(ABOUT THIS EXERCISE):
Below is a listing from which only part is wanted; return exactly the lines from the one with "China Low Moq" up to and including the one with "Calça linho slub faixa vermelho papoula".

(RECORDS PROVIDED):
■ ■ ■
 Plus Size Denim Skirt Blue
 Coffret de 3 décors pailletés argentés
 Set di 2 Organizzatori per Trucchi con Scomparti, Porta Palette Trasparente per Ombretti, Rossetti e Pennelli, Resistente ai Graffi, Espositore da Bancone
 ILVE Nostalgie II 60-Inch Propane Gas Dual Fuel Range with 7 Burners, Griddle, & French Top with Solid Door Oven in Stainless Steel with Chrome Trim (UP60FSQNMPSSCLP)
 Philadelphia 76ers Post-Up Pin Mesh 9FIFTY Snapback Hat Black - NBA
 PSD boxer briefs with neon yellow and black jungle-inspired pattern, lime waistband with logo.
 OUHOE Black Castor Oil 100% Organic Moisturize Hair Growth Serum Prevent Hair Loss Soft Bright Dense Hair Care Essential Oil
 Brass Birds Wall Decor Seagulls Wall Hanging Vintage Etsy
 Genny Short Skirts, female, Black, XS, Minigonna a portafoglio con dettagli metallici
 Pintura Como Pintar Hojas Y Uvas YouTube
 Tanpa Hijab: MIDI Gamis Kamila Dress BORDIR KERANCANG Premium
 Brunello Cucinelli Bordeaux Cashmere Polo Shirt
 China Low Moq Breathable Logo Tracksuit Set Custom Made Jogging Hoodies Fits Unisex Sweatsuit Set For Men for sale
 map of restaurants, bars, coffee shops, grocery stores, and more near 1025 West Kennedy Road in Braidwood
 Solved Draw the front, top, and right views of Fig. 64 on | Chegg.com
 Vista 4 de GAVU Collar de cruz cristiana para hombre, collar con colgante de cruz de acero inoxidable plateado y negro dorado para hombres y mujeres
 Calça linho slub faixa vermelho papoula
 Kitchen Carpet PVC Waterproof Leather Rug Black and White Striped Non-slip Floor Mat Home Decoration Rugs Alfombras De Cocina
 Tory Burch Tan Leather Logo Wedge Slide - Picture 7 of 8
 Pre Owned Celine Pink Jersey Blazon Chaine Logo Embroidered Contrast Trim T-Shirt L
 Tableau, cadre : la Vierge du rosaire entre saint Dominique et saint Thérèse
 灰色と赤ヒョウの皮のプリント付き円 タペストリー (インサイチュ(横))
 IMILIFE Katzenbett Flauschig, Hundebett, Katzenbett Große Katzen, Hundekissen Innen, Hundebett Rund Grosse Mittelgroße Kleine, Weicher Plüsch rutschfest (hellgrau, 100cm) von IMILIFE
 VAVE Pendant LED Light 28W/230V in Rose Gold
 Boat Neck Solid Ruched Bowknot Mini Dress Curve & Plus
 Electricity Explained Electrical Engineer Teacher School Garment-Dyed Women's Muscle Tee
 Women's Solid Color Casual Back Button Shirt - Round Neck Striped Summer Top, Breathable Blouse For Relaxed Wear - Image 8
■ ■ ■
(RESULT FOR THIS TASK):
 China Low Moq Breathable Logo Tracksuit Set Custom Made Jogging Hoodies Fits Unisex Sweatsuit Set For Men for sale
 map of restaurants, bars, coffee shops, grocery stores, and more near 1025 West Kennedy Road in Braidwood
 Solved Draw the front, top, and right views of Fig. 64 on | Chegg.com
 Vista 4 de GAVU Collar de cruz cristiana para hombre, collar con colgante de cruz de acero inoxidable plateado y negro dorado para hombres y mujeres
 Calça linho slub faixa vermelho papoula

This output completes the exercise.